_About this exercise:_ Excluding any images, copy all of the lines below precisely as written.

_Material shown:_

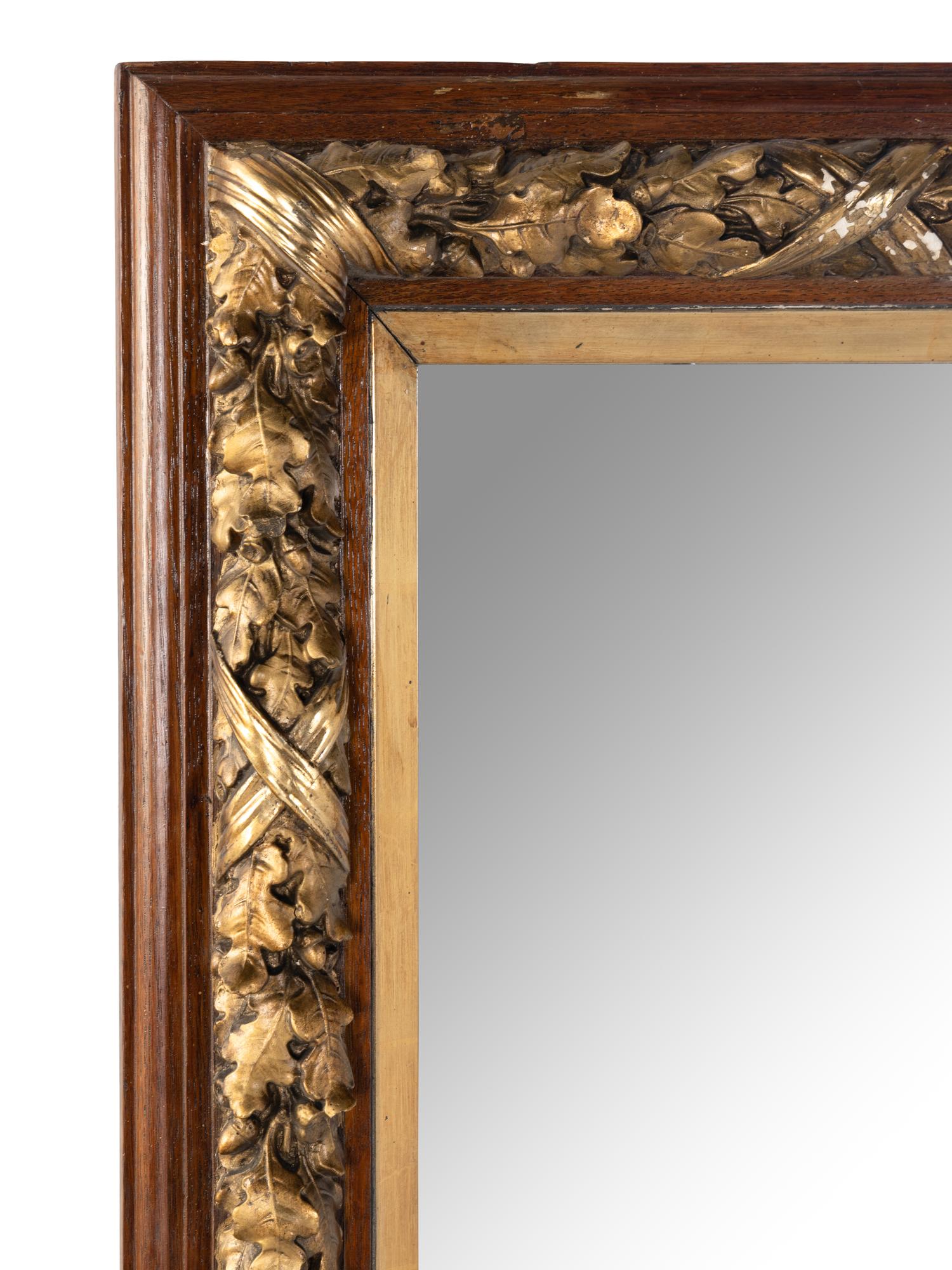 A French Carved and Parcel-Gilt Walnut Mirror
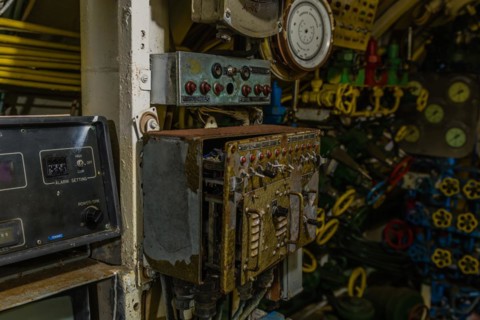 Old dilapidated gauges, dials and switch panels on board submarine on display at Unification Park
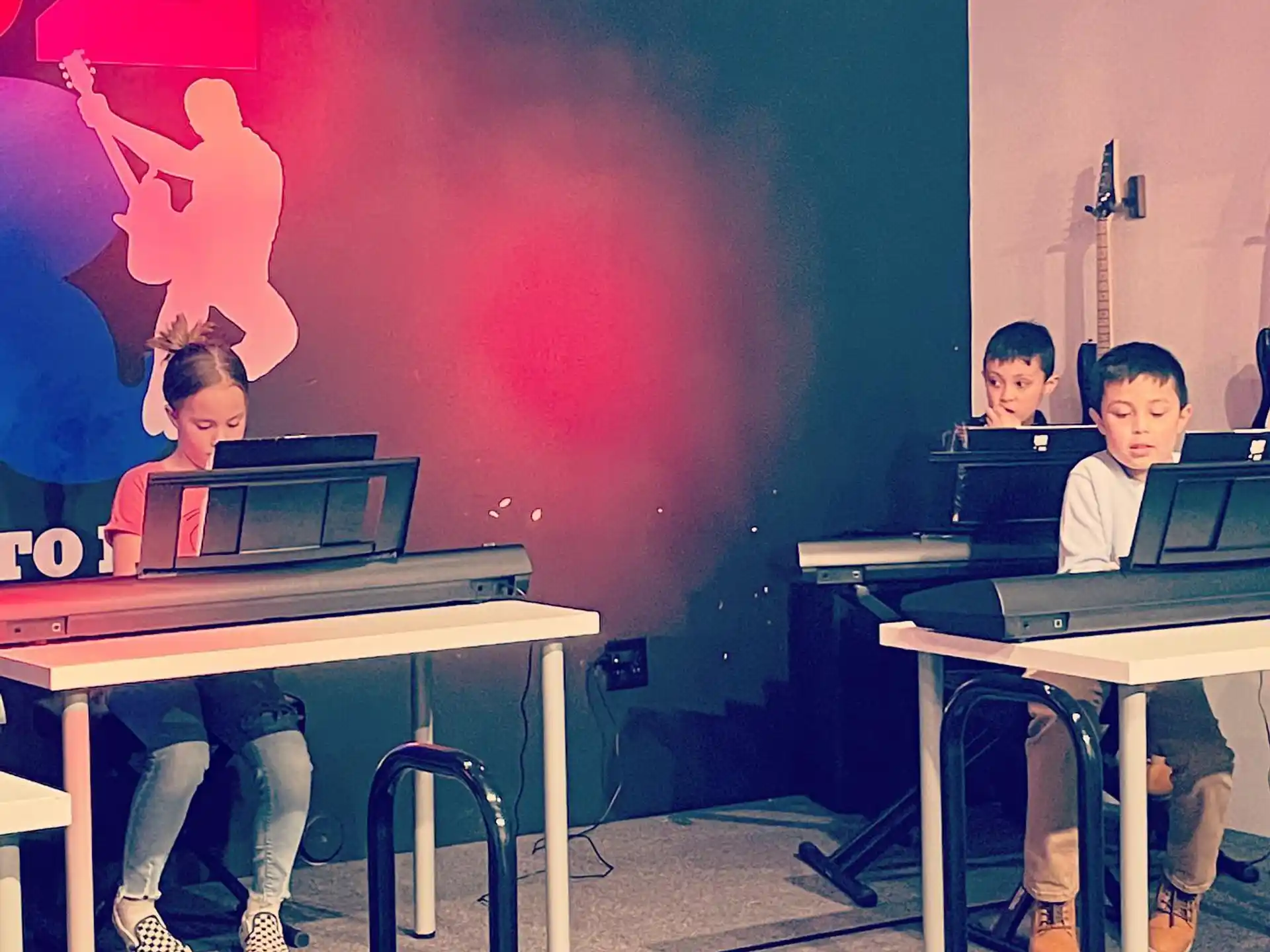 a group of people sitting at desks with laptops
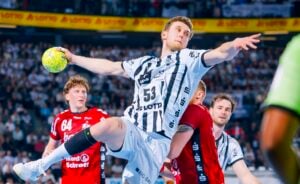 Ein männlicher Handballspieler in einem schwarz-weißen Trikot springt, um den Ball zu werfen, während seine Gegner in roten Trikots ihn verteidigen. Das Geschehen spielt sich in einer überfüllten Halle ab.
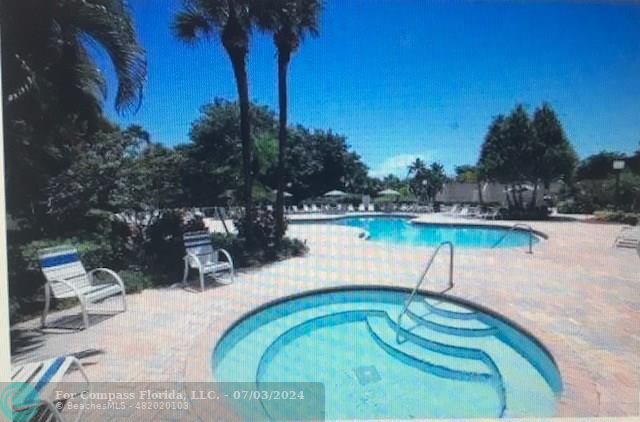 an outdoor space with swimming pool and furniture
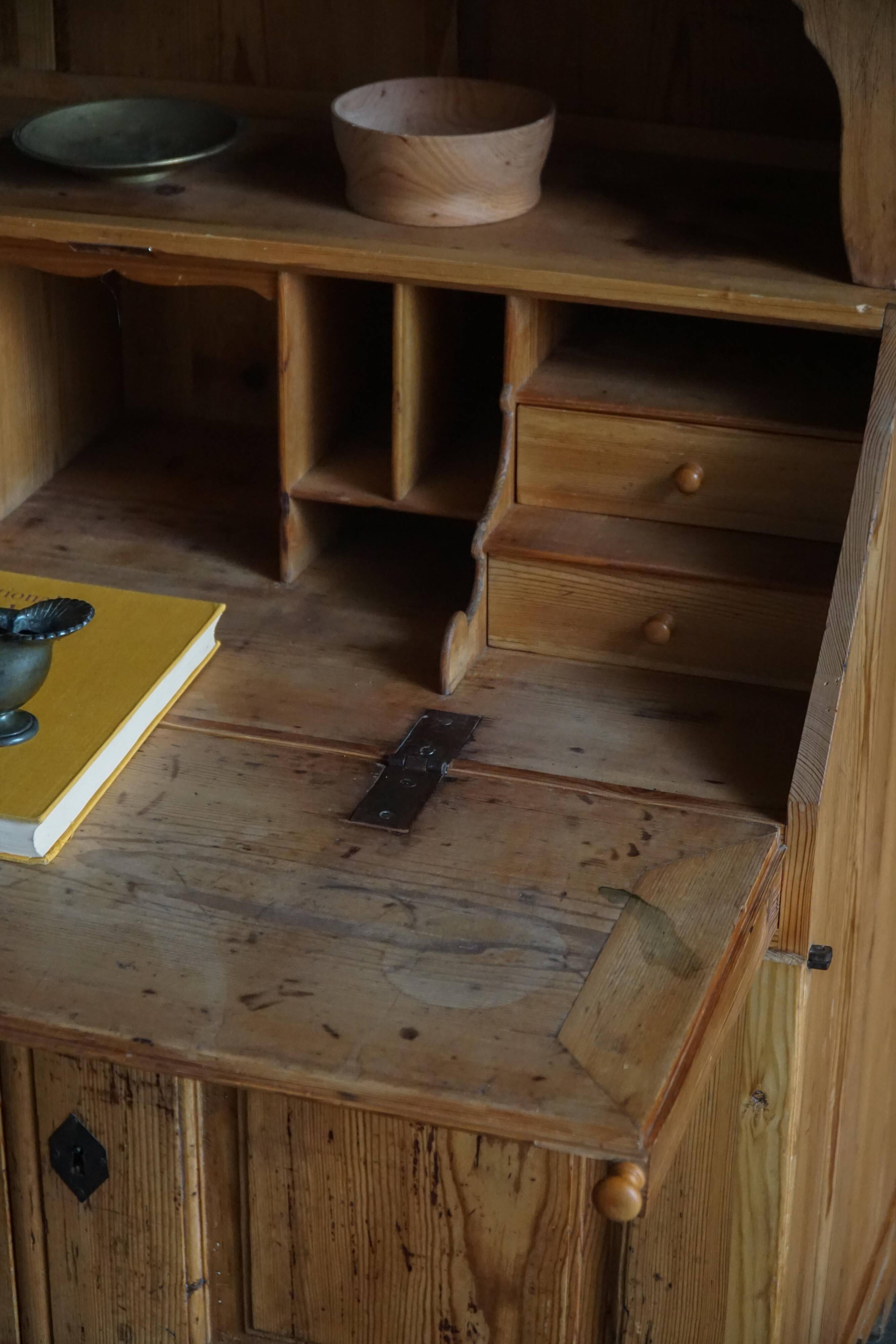 Old Danish secretary in pine with drop-down front and upper cabinet, mid-19th century.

_Reply to the task:_
 A French Carved and Parcel-Gilt Walnut Mirror
 Old dilapidated gauges, dials and switch panels on board submarine on display at Unification Park
 a group of people sitting at desks with laptops
 Ein männlicher Handballspieler in einem schwarz-weißen Trikot springt, um den Ball zu werfen, während seine Gegner in roten Trikots ihn verteidigen. Das Geschehen spielt sich in einer überfüllten Halle ab.
 an outdoor space with swimming pool and furniture
 Old Danish secretary in pine with drop-down front and upper cabinet, mid-19th century.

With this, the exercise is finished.